How did the sleeve go?

My ST sleeves are generally around 3-1/2" or longer with the point. I haven’t ever tried a sleeve over stainless though. I have done lugs and crowns in stainless and it’s VERY easy to overheat. It goes from not quite hot enough to ‘damn, now I have to start over’ in the blink of an eye.

If I remember correctly, Steve Garro only flows filler about an inch into the sleeve, not all the way through.

Post up pics! Good luck!

anyone experience in brazing a sleeve with nickel silver?

I tried once with lugs - because I misunderstood. :rofl:

My technique at the time was not great, I received advice to use Nickel Silver flux and so, I assumed I should also use Nickel Silver. It was my first attempt at lugs and it went horribly wrong. I went back for more advice and figured it out but haven’t tried sleeves with nickel since.

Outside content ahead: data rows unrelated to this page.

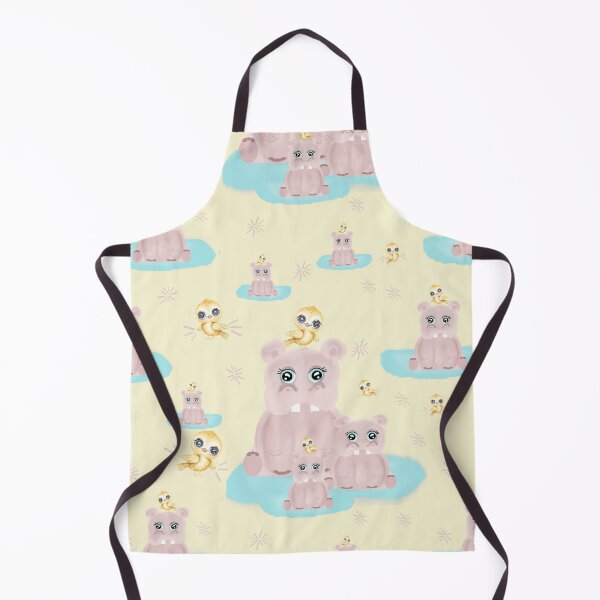 Item preview, Harley and Beckee Hippo and Bird Collection designed and sold by Niki McNeil.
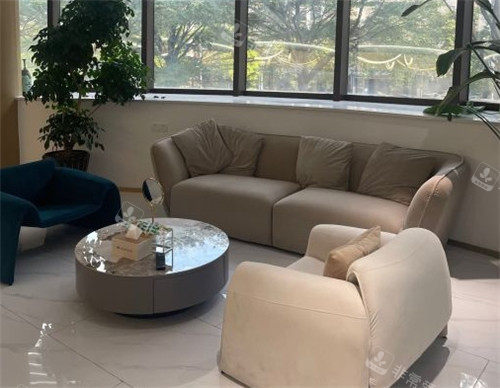 莆田云朵医疗美容医院休息区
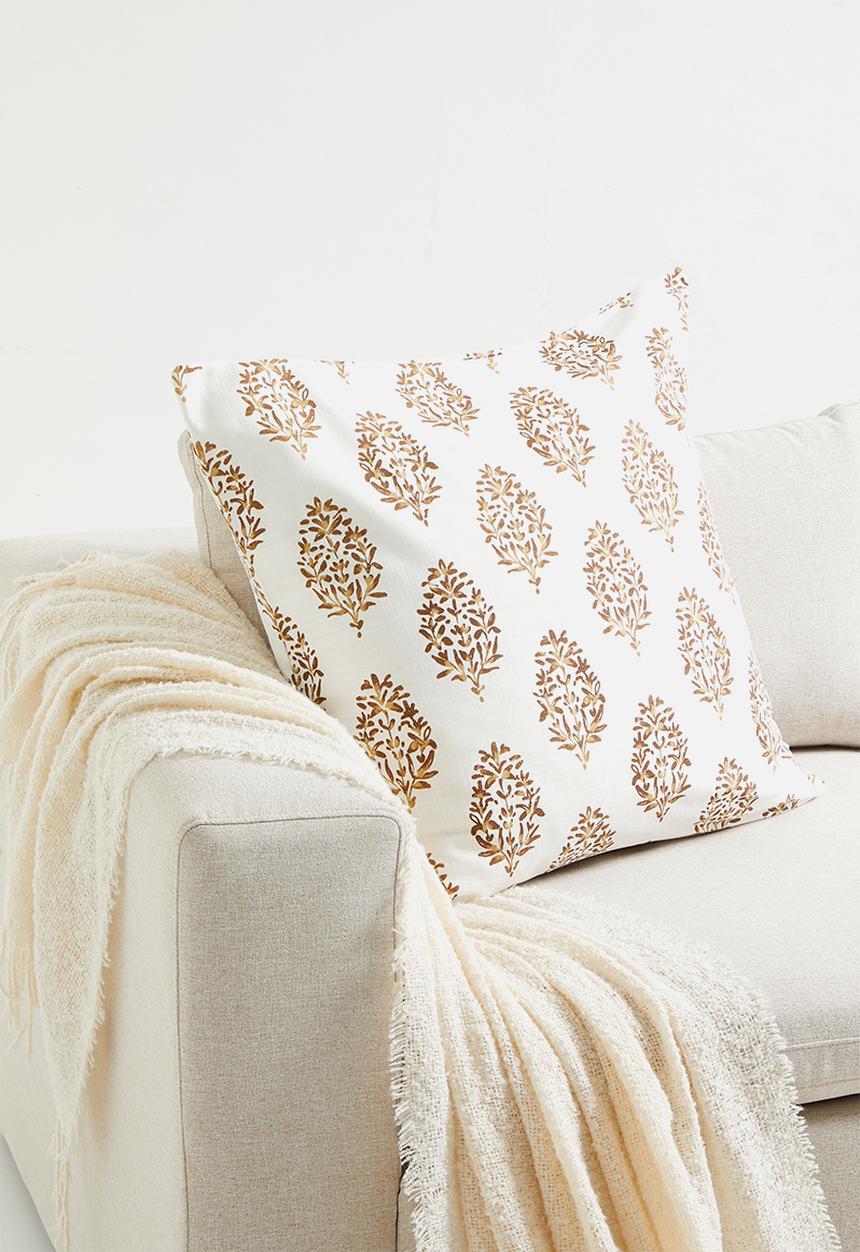 Sixth Floor - Stella cushion cover - rust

I always use 56% and flow it all the way through the sleeve. My understanding is that really you just need to get the filler to go about an inch down into the sleeve from each end if you’re using a standard 0.6mm ST wall at the top and then adding a say a 1.5mm walled sleeve. That seems like it would be possible with Nickel Silver. I would question why but, I’m sure you have reasons.

The extra strength of nickel would be wasted on this type of joint. Brass or 56 is much easier to work with and very strong in lap joint. 56 is also a lot more expensive so there’s that.